Role Overview
The Data Scientist will be responsible to work on data science projects under the supervision of senior team members and deliver business outcomes. Key responsibilities include –
- Development of data science models.
- Work alongside software developers and software engineers to translate algorithms into viable products and services.
- Work in technical teams in development, deployment, and application of applied analytics, predictive analytics, and prescriptive analytics.
- Perform exploratory and targeted data analysis using descriptive statistics and other methods.
- Work with data engineers on data quality assessment, data cleansing and data analytics.
- Generate reports, annotated code, and other projects artifacts to document, archive, and communicate the work and outcomes.
- Share and discuss findings with team members.
Qualifications / Requirements:
- Masters or PhD degree in Statistics, Machine Learning, Computer Science or related field
- Proficiency in Python (mandatory).
- Demonstrated skill at data cleansing, data quality assessment, and using analytics for solving business problems
- Demonstrated skill in the use of applied analytics, descriptive statistics, feature extraction and predictive analytics on datasets
- Demonstrated skill at data visualization and storytelling for an audience of stakeholders
- Strong communication and interpersonal skills
Desired Characteristics:
- Influences within peer group.
- Implements specific component(s) of the roadmap.
- Evaluates features using well known or prescribed recipes and appropriately down selects to valuable ones.
- Aware of models such as CART / SVM / RF / Neural Net and the associated sub-models
- Uses Cross Validation and other Verification & Validation techniques to build robust models from large data sets.
- Understands the types of issues that impact data quality
- Performs basic data cleaning operations such as flagging missing and invalid data etc.

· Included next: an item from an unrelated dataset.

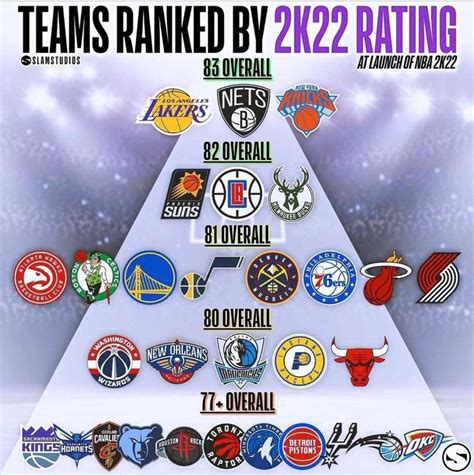 Nba Teams Ranked By 2k22 Ratings Rnyknicks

- Fits normal parameters to data and assess goodness of fit
- Can use and interpret t-tests, ANOVA and basic hypothesis testing with good utilization of p-values.
- Codes using modular practices for reusage and object-oriented Effectively shows visualization of data exploration using box, bubble and matrix plots.
- Has a basic understanding of GE Aerospace business and how the tools they are developing create value.